As much as giant resources companies like to think they are good at capital allocation, 2015's financial results prove they are anything but.
According to The Australian, between them, Glencore, BHP Billiton Limited (ASX: BHP), Anglo American, Rio Tinto Limited (ASX: RIO) and Vale reported impairments and other significant losses totalling close to US$30 billion – and that's just for the 12 months to end of December 2015.
And if the companies report that those impairments and writeoffs are non-cash, they are only right in one sense and wrong in the only one that matters.

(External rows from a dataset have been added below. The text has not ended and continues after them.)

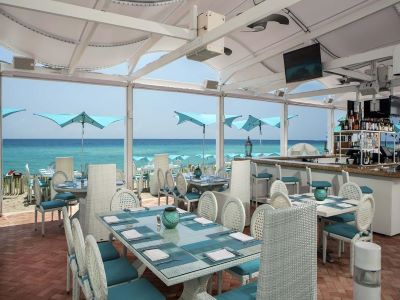 restaurant 2 - hotel trump intl beach rst - sunny isles beach, united states of america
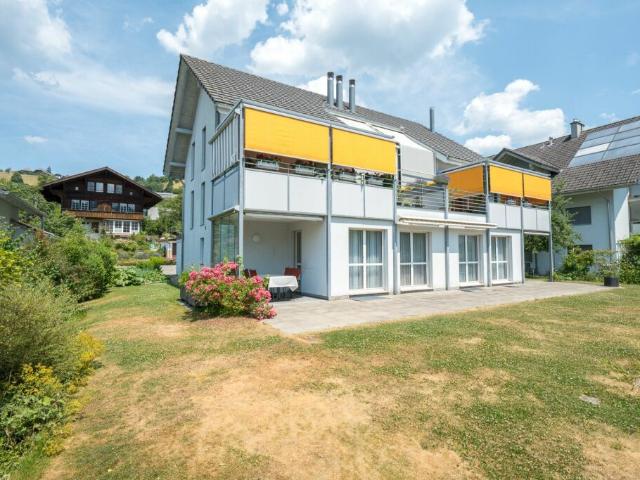 Grosszügige 4.5 Zimmerwohnung im Parterre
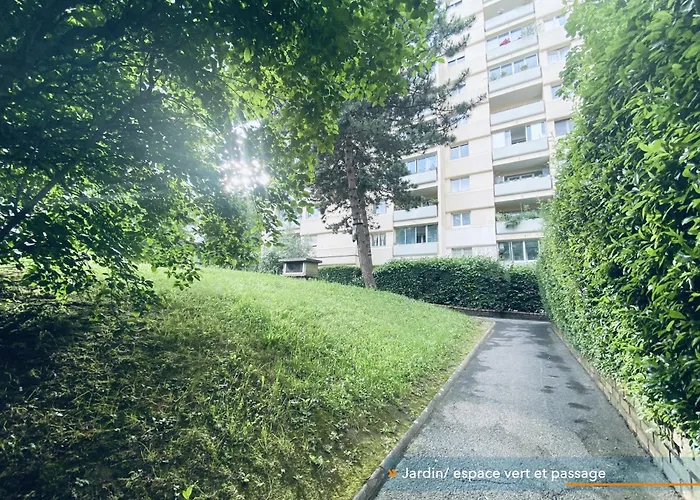 Appartement Parisien Neuf, Moderne Avec Une Grande Salon, 2 Chambres, 4 Lits, Parking Gratuit, 15Min De Paris Et 13 Min Aeroport Orly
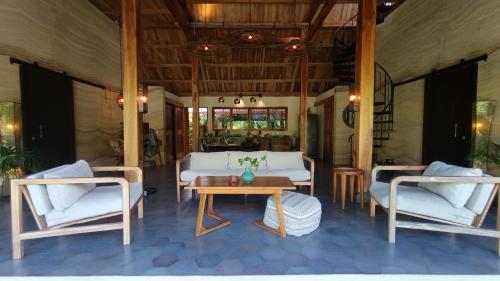 2BDR villa, 5-min walk to beach — other in Rumah Bumi Rumah Bumi 1, Uluwatu Indonesia, 80364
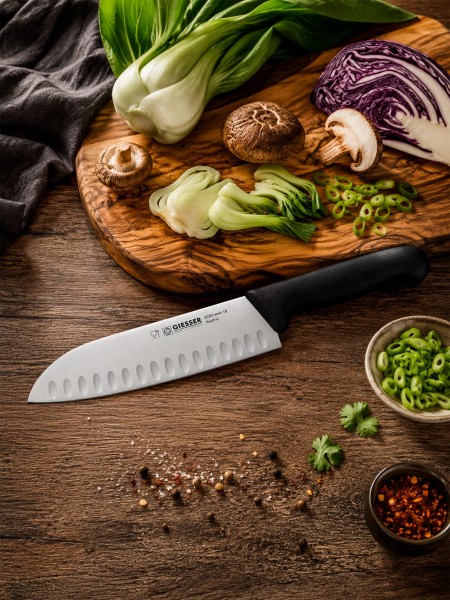 Нож поварской профессиональный для восточной кухни Сантоку, 18 см, лезвие с желобками, ручка TPE, Giesser. (8269 wwlk 18)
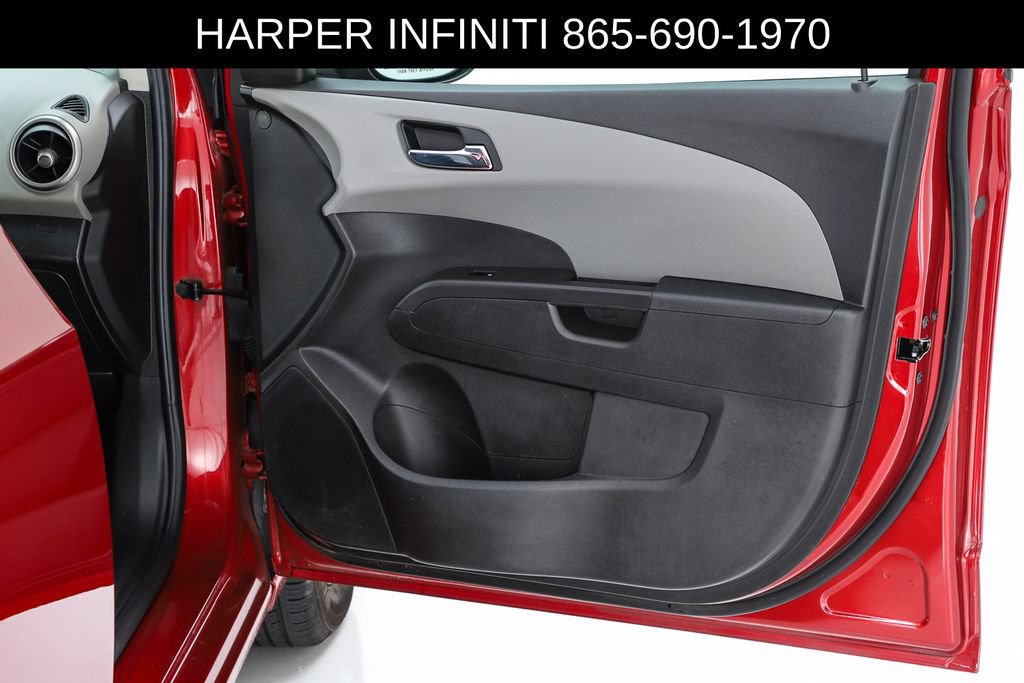 Used 2014 Chevrolet Sonic LT w/ Fun and Sun Package FWD image 68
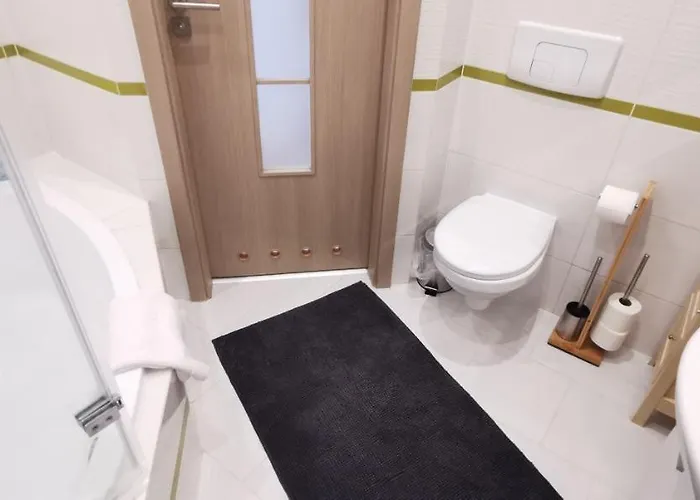 Przestronny Nr 7 Z Widokiem Na Gory Sowie *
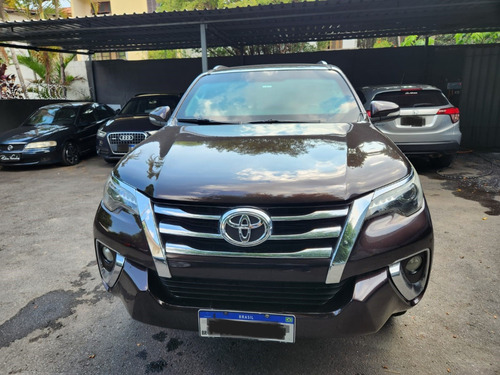 Toyota SW4 2.8 Tdi Srx 7l 4x4 Aut. 5p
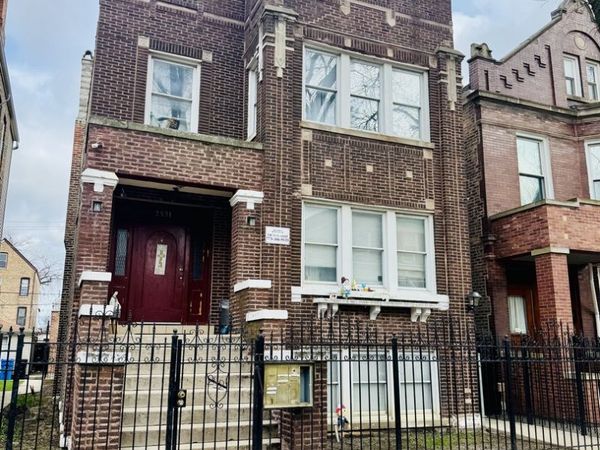 2521 S Saint Louis Avenue , Chicago, IL 60623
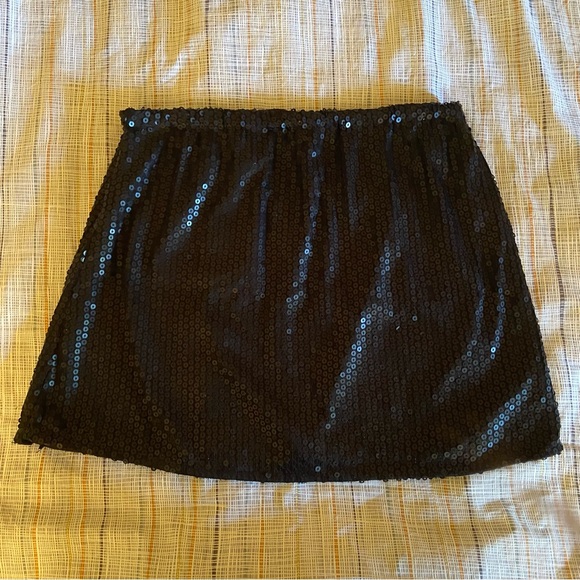 Black sequinned mini skirt - Picture 2 of 5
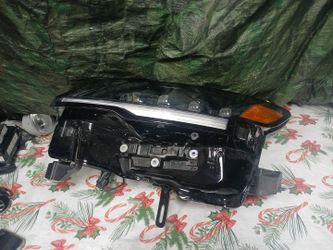 2025-26 Nissan Kicks Left headlight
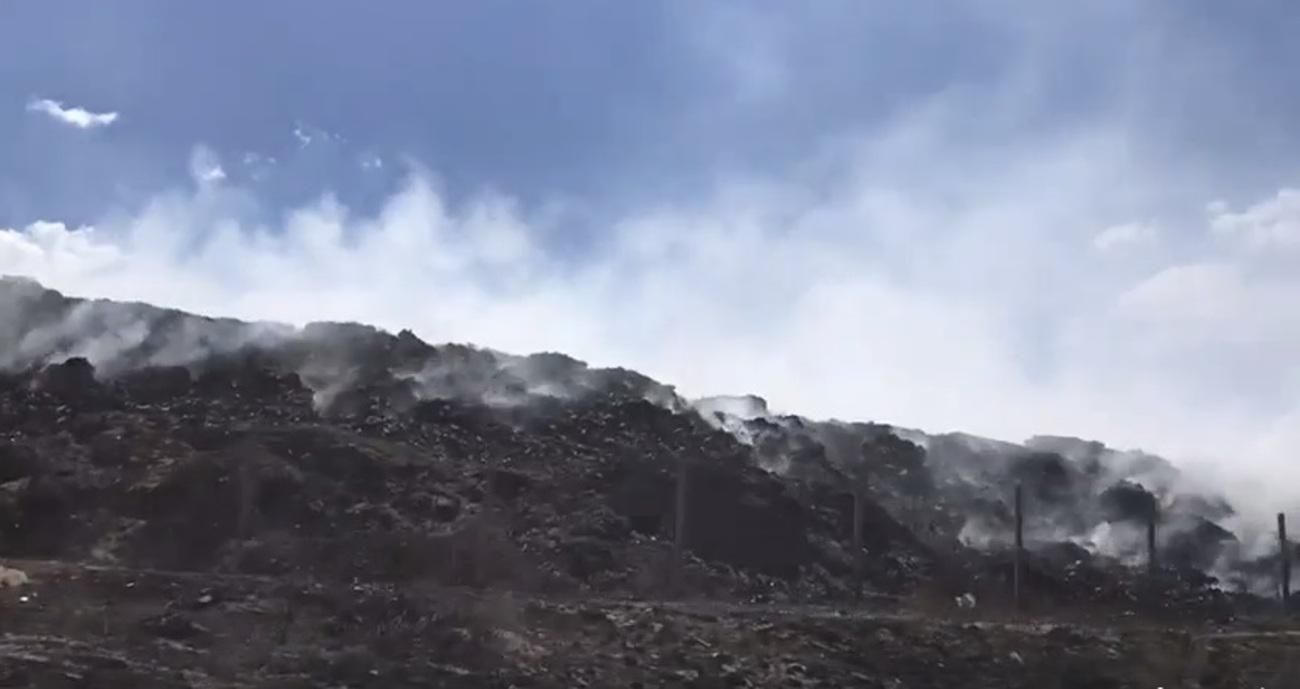 Пожары в Луганской области: в Северодонецке горит свалка - видео Пожары в Луганской области: в Северодонецке горит свалка - видео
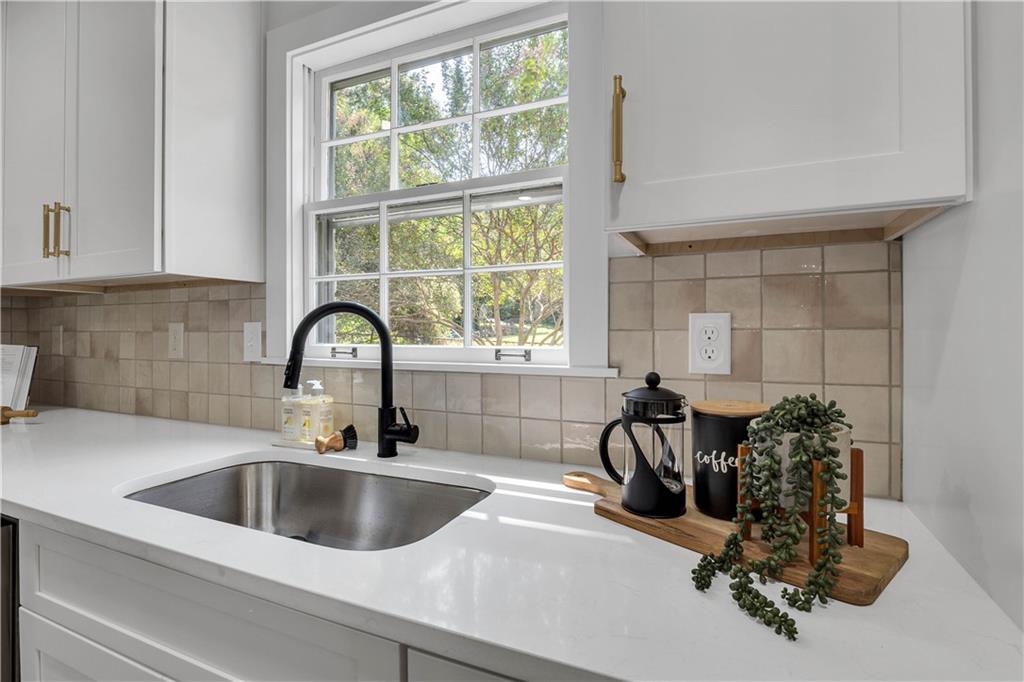 723 Monticello Way SE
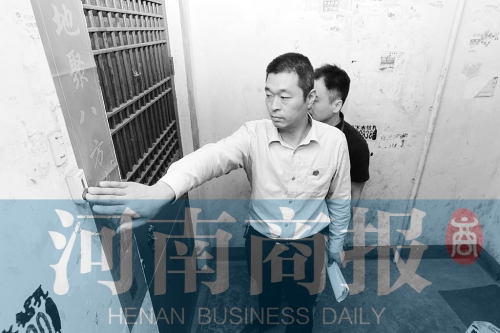 　來到馬某家，法官被拒之門外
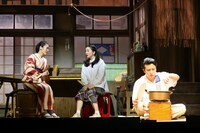 「シス・カンパニー公演 / 日本文学シアターVol.7【織田作之助】『夫婦パラダイス』～街の灯はそこに～」より。（撮影：宮川舞子）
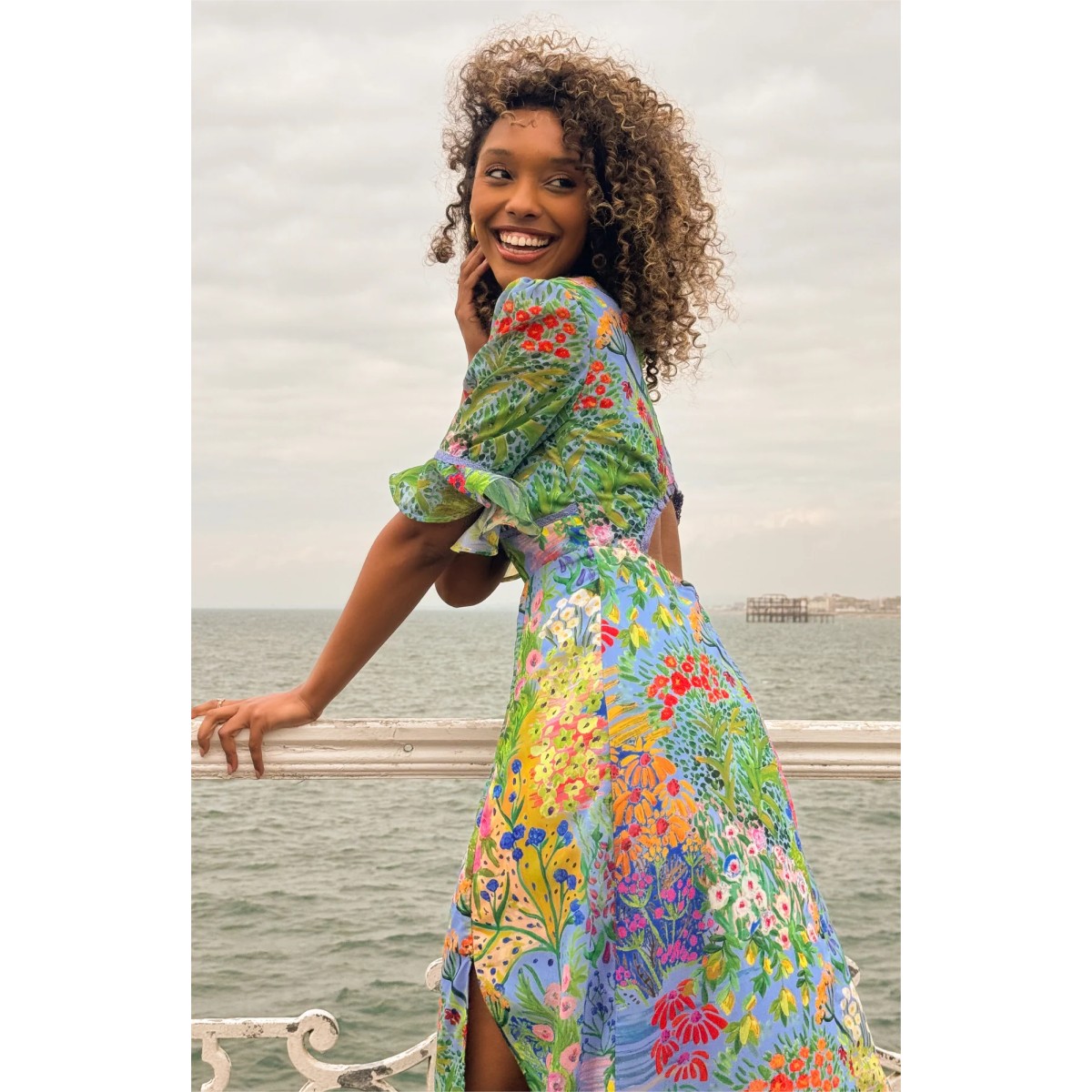 Hope &amp; Ivy The Hazel Frill Sleeve Maxi Dress In Blue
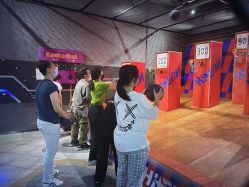 点击看大图 -嗨翻Hi-Fun竞技主题乐园·蹦床团建生日聚会(五棵松华熙店)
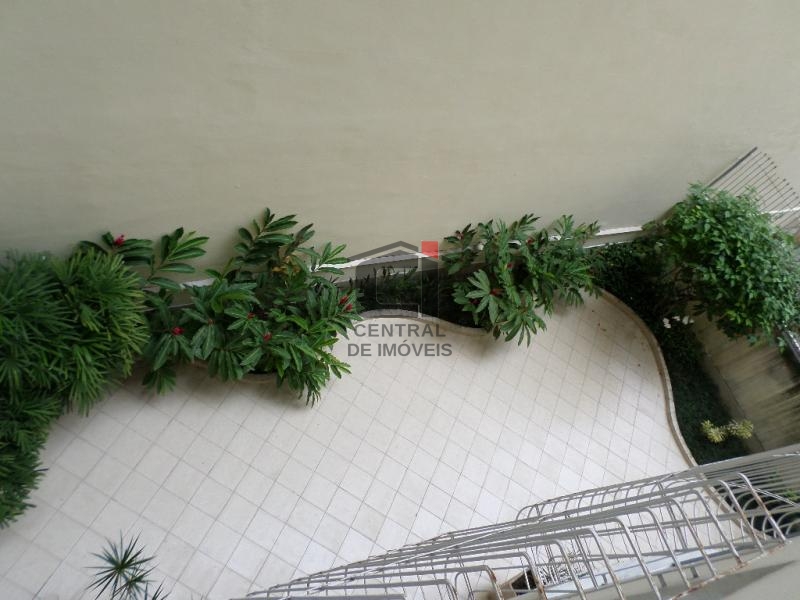 Apartamento à venda com 3 quartos, 180m² - Foto 10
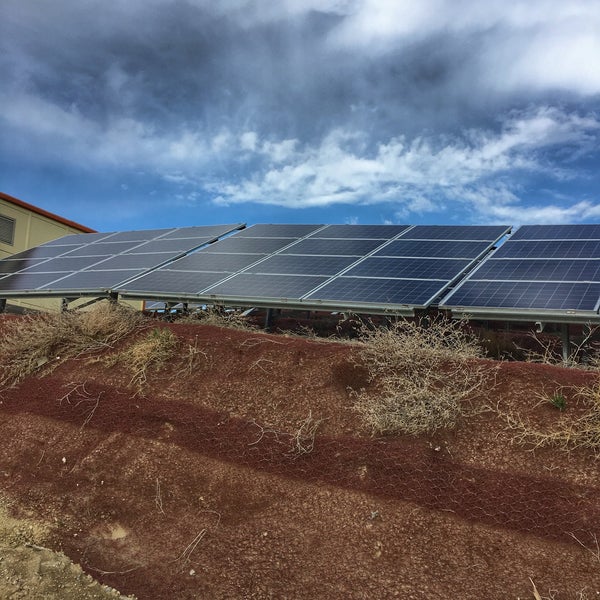 Pv solar panel. гелиоэнергетика (солнечная энергетика)-. ветро солнечные гибридные электростанции. Ray of solar mixed. гетероструктурная солнечная панель.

Accounting rules require them to write down the value of their assets on the balance sheet and take it through the income statement. As such, no cash actually changes hands or disappears. But shareholders should never forget that at some stage those assets on the balance sheet were purchased or acquired with real cash.
BHP wrote off US$8.37 billion, with US$7.18 billion of that coming from its onshore US oil and gas assets in the first half, but also wrote off another US$3.2 billion in the 2015 financial year, with US$2.8 billion of that again coming from its onshore oil and gas assets.
All up, BHP wrote off US11.568 billion in 2015, Vale an equally astounding US$9.37 billion, Anglo US$6.45 billion, Glencore lost US$8.1 billion, including US$7.1 billion in writeoffs and another US$1 billion loss on the sale of assets. Rio Tinto wrote off US$2.79 billion and BHP spinoff South32 Ltd (ASX: S32) wrote off US$1.7 billion primarily against its manganese and energy coal operations.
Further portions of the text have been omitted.